▸ **Data section**

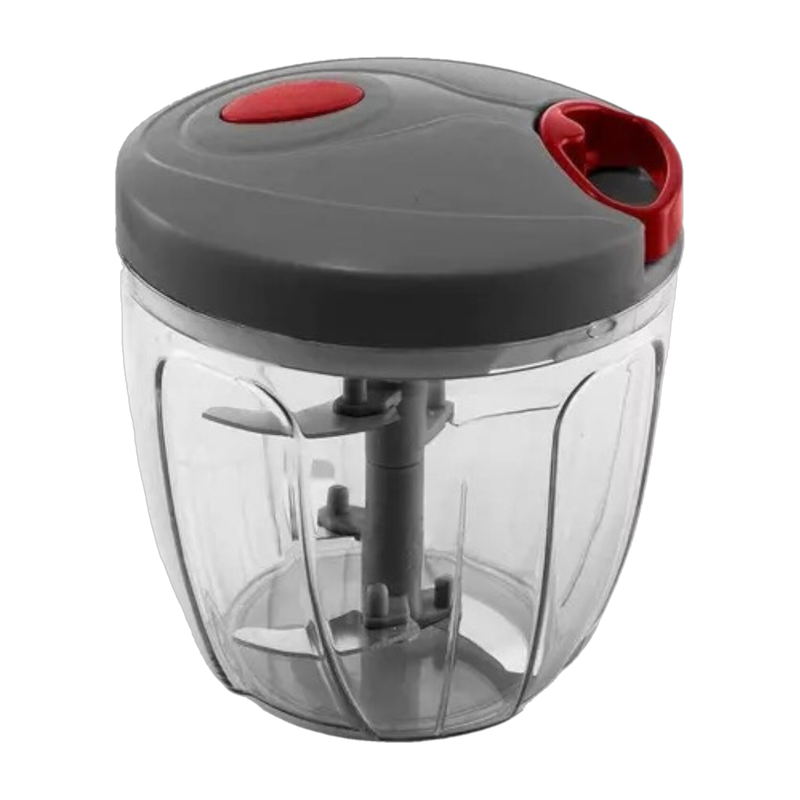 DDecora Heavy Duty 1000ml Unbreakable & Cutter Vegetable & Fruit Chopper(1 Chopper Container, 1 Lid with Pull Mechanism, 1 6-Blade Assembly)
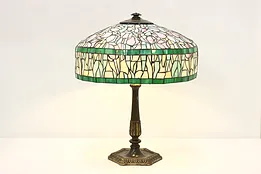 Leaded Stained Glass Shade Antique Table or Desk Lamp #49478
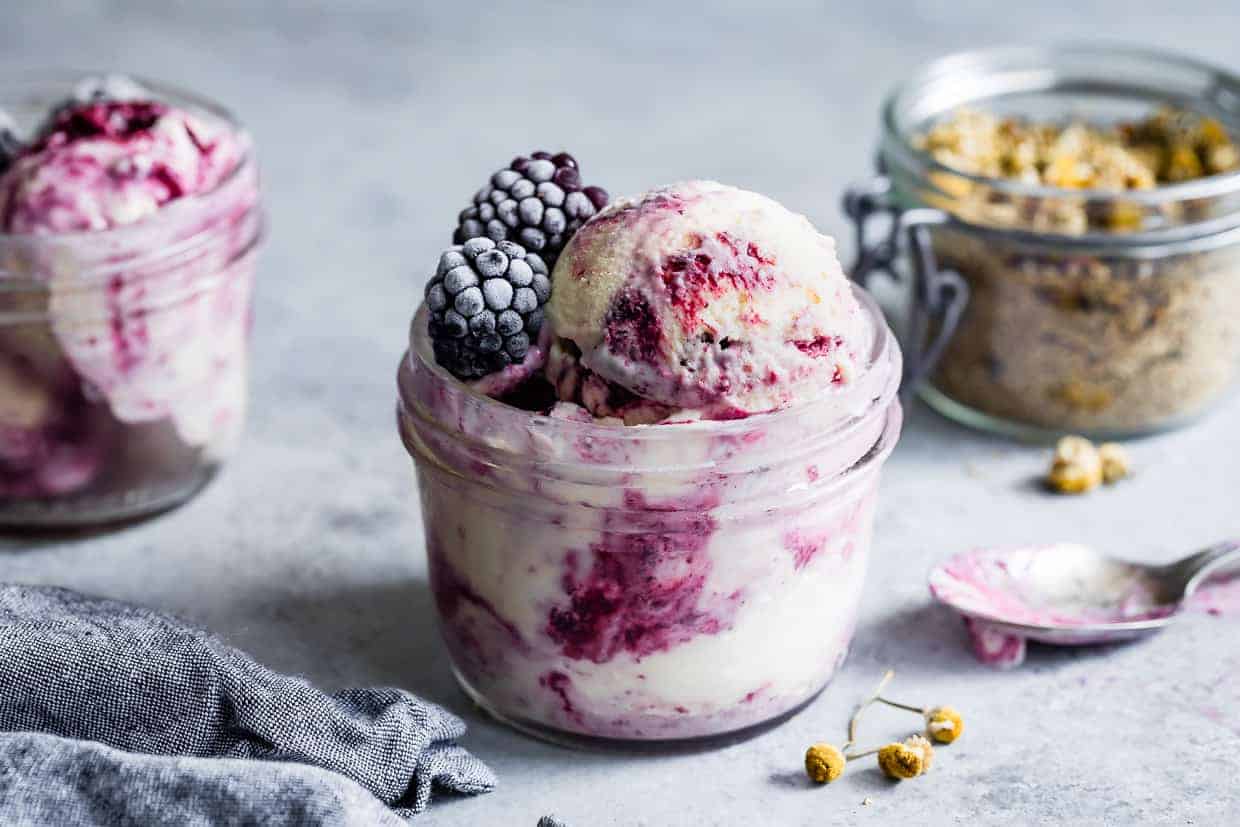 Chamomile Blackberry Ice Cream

▸ **Your assignment**
Every line above should be printed again word for word, without its pictures.

▸ **Reply to the exercise**
 DDecora Heavy Duty 1000ml Unbreakable & Cutter Vegetable & Fruit Chopper(1 Chopper Container, 1 Lid with Pull Mechanism, 1 6-Blade Assembly)
 Leaded Stained Glass Shade Antique Table or Desk Lamp #49478
 Chamomile Blackberry Ice Cream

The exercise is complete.